━━━━━ SOURCE DATA ━━━━━

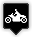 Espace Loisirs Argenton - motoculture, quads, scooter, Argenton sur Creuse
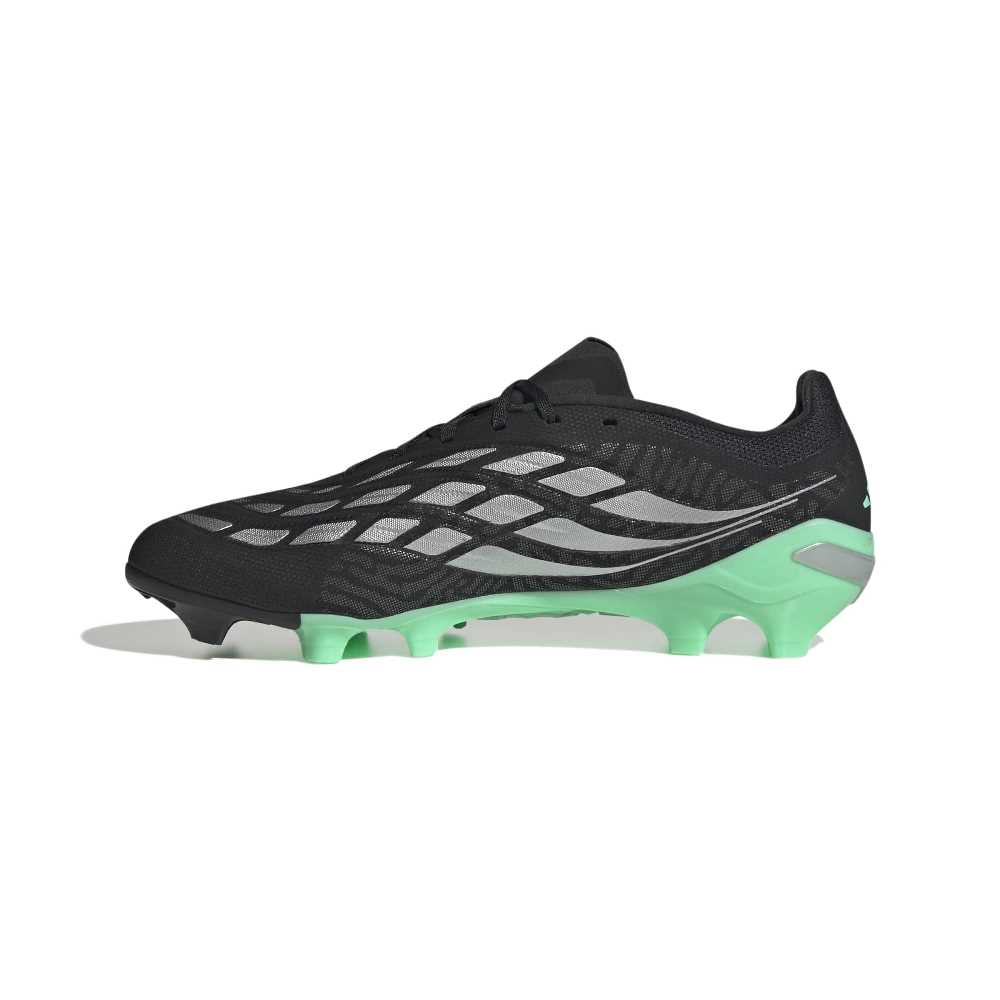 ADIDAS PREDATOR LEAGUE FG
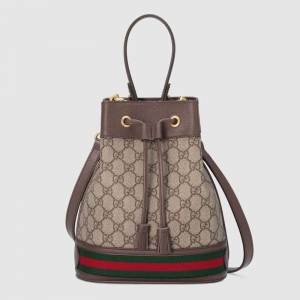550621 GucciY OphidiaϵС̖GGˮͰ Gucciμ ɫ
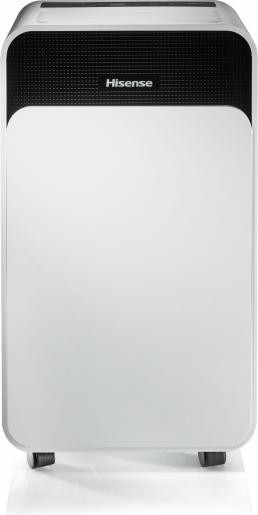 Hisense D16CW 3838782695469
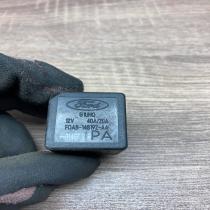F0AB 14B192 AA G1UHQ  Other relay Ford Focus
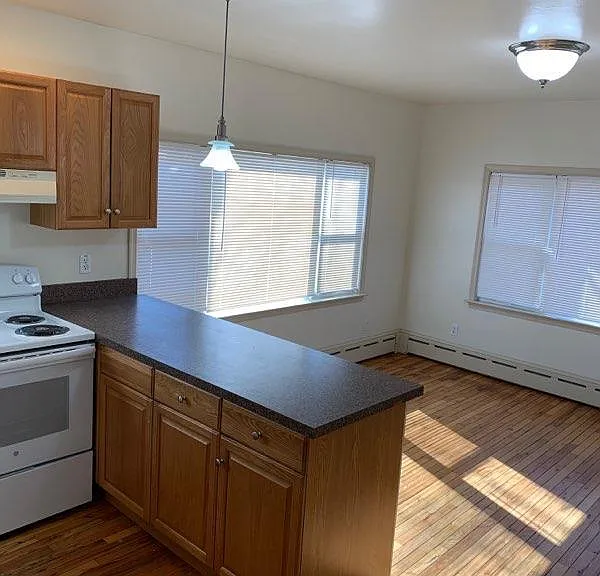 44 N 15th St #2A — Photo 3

━━━━━
━━━━━ SOURCE DATA ━━━━━

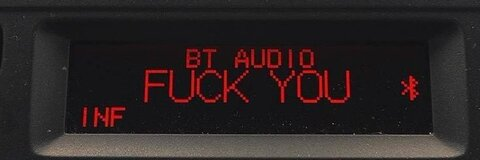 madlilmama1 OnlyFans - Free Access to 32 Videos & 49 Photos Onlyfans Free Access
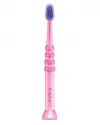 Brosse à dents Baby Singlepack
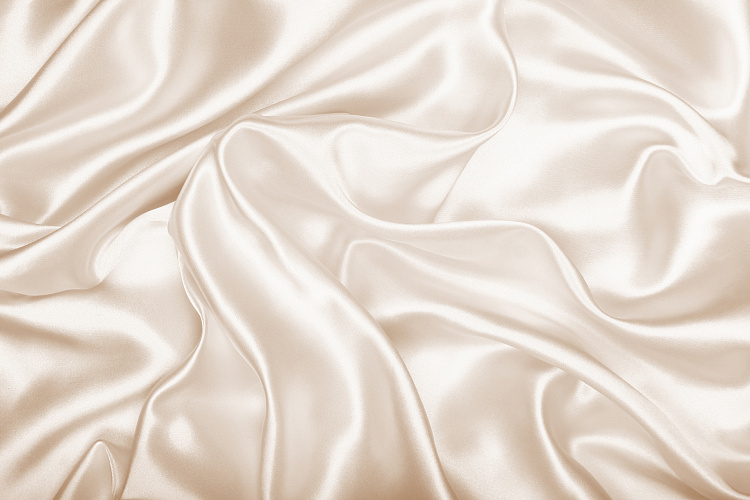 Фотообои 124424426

━━━━━

■ **EXERCISE BRIEF**: Lines wanted from the entries above: the one with "Espace Loisirs Argenton", the one with "44 N 15th St #2A — Photo 3", and all lines between. Please copy them exactly, without the pictures and without anything else.

■ **RESULT OF THIS TASK**:
 Espace Loisirs Argenton - motoculture, quads, scooter, Argenton sur Creuse
 ADIDAS PREDATOR LEAGUE FG
550621 GucciY OphidiaϵС̖GGˮͰ Gucciμ ɫ
 Hisense D16CW 3838782695469
F0AB 14B192 AA G1UHQ  Other relay Ford Focus
 44 N 15th St #2A — Photo 3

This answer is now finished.